Her shoulders slumped. “I’ve read a lot about Tilliya Island.” Her eyes focused somewhere in the distance, and then rested on me again. “So, you’re a falconer?”

“I’m a ranger. Razor accompanies me from time to time. We sell what we hunt and gather. Sometimes I help thin out wildlife. It’s just my job.”

The words rolled off her tongue. “A ranger.”

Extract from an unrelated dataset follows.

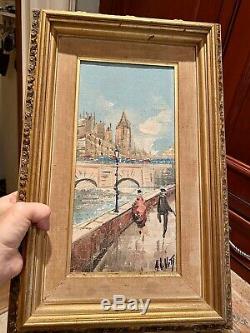 Vintage Midcentury Antonio DeVity Paris Street Scene Original Oil Paintings Pair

I nodded, a bit annoyed she found my profession so curious. I killed things for a living. It was a hard, dirty job, one I was sure she could never understand. I cleared my throat. “I’m glad to see you’re in one piece, though still unescorted. Would you like me to walk you back to Leogard?”

She held up a satchel. “I’m gathering plant specimens.”

“As you wish. Well, good day then. I’ve got work to do.” I began to walk away.

“Wait,” she said.

I turned, and Caliphany approached me, opened her mouth, shut it again, and finally spoke. “I wanted to thank you for rescuing me.”

If she was any other woman, from the lower end of society, I might have thought she was flirting. “You already did, I believe, and it’s not necessary. Good day.” I tried to walk away again.


Razor screeched and puffed his feathers when I turned back around. “Easy, now. Look, Caliphany, it’s really not necessary-”

“I want you to train me.”

I stepped closer. She blushed. I wrinkled my brow and asked, “Pardon?”

The words tumbled from her mouth. “You know how to handle yourself, handle weapons. I want to learn that as well. Will you train me?”